Oh wait, they actually _did_ that!


----------



## RoxyBlue (Oct 6, 2008)

Ripley of "Aliens" etc. played by....Don Knotts


----------



## Bone To Pick (Oct 23, 2007)

Dracula played by Woody Allen.


----------



## Spooky1 (Aug 25, 2008)

Frankenstein's monster played by Pee Wee Herman


----------



## RoxyBlue (Oct 6, 2008)

Scarlett O'Hara of "Gone With The Wind" played by...Britney Spears


----------



## Spooky1 (Aug 25, 2008)

Chris Farley replaces Patrick Swayze in Dirty Dancing.


----------



## Eldritch_Horror (Jul 27, 2008)

Spooky1 said:


> Chris Farley replaces Patrick Swayze in Dirty Dancing.


Wasn't that an SNL skit??


----------



## RoxyBlue (Oct 6, 2008)

Eldritch_Horror said:


> Wasn't that an SNL skit??


Yes, it was, and one of their best


----------



## Bone To Pick (Oct 23, 2007)

LOL Still one of my favorites.

Dr. Hannibal Lecter played by Ozzy Osbourne


----------



## Eldritch_Horror (Jul 27, 2008)

Jigsaw played by Gilbert Godfried.


----------



## Fiend4Halloween (Aug 28, 2008)

Eldritch_Horror said:


> Jigsaw played by Gilbert Godfried.


ROFLMAO!!! what a visual!!

Candyman played by Lamar from Revenge of the Nerds.


----------



## scareme (Aug 29, 2006)

The Ghost and Mr. Chicken with Vin Diesel.


----------



## Monk (Aug 26, 2008)

Terminator played by Gary Coleman.


----------



## Spooky1 (Aug 25, 2008)

Michael Myers of Halloween by .... Mike Myers (Yeah Baby)


----------



## scareme (Aug 29, 2006)

lol


----------



## Eldritch_Horror (Jul 27, 2008)

Rocky Balboa from the 'Rocky' films played by...


Richard Simmons


----------



## Eldritch_Horror (Jul 27, 2008)

Bond, James Bond, played by... Buscemi, Steve Buscemi.


----------



## STOLLOWEEN (Apr 13, 2008)

Harry Potter played by.....Ernest Borgnine.


----------



## N. Fantom (Sep 8, 2011)

The Leprechaun from "The Leprechaun" played by Shaquille O'Neal


----------



## Hairazor (Mar 13, 2012)

Elvira played by Rosie O'Donnell


----------



## STOLLOWEEN (Apr 13, 2008)

Barnabas Collins played by Johnny Depp...oh wait..that's real.

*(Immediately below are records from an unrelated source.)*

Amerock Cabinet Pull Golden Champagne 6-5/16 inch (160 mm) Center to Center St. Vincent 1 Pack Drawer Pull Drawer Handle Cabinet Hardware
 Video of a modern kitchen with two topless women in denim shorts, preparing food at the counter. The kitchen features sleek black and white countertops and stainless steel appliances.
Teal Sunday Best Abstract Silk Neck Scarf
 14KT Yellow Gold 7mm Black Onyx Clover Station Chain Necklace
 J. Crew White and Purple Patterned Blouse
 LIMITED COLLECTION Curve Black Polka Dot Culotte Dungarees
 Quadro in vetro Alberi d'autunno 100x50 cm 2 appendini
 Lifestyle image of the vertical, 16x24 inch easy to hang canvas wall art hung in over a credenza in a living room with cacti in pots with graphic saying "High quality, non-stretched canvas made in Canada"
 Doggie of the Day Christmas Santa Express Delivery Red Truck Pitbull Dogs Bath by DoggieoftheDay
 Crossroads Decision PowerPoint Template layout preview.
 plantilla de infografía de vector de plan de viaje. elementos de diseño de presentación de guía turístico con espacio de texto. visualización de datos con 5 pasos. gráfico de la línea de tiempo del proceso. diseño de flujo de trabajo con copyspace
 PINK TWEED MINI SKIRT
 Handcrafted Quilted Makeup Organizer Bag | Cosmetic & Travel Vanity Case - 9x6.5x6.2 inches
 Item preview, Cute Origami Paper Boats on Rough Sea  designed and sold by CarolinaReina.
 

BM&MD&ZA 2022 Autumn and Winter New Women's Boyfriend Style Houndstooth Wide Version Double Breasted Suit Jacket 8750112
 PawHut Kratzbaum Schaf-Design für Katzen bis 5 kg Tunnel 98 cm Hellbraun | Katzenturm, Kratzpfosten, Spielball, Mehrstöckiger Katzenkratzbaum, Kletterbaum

Edward Cullen (Twilight Vampire) played by Zach Galifianakis


----------



## Goblin (Jun 3, 2009)

Sherlock Holmes played by Steve Martin


----------



## badger (Jul 28, 2010)

Batman played by Howard Stern...


----------



## RoxyBlue (Oct 6, 2008)

Rick Blaine of "Casablanca" played by William Macy. Or Don Knotts - even better


----------



## N. Fantom (Sep 8, 2011)

Sheldon Cooper played by Arnold Schwarzenegger


----------



## QueenRuby2002 (Oct 23, 2011)

Hermione from 'Harry Potter' played by Betty White


----------



## Hairazor (Mar 13, 2012)

Bugs Bunny played by Mickey Mouse


----------



## PirateLady (Jul 23, 2010)

Tom and Jerry played by Abbott and Costello


----------



## Goblin (Jun 3, 2009)

Captain Jack Sparrow played by Captain Crunch


----------